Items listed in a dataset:
= = = =
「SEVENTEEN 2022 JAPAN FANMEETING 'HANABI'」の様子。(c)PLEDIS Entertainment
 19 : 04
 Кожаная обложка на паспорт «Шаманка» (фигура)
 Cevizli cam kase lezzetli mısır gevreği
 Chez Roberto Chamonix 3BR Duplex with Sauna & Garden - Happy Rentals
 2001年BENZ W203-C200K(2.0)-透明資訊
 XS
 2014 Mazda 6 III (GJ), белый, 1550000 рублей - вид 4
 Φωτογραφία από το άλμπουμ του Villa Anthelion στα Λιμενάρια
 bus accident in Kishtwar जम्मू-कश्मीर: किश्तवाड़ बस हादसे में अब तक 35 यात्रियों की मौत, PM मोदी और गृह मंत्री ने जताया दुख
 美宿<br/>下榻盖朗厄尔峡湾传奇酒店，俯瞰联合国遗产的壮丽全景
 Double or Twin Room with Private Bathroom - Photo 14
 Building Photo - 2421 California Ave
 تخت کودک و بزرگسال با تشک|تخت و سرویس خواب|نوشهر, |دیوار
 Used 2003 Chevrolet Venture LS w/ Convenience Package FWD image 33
= = = =
> _Brief_
All lines in the data above from the one with "bus accident in" through the one with "Building Photo - 2421 California Ave" must be repeated exactly, and no others.

> _Solved exercise_
 bus accident in Kishtwar जम्मू-कश्मीर: किश्तवाड़ बस हादसे में अब तक 35 यात्रियों की मौत, PM मोदी और गृह मंत्री ने जताया दुख
 美宿<br/>下榻盖朗厄尔峡湾传奇酒店，俯瞰联合国遗产的壮丽全景
 Double or Twin Room with Private Bathroom - Photo 14
 Building Photo - 2421 California Ave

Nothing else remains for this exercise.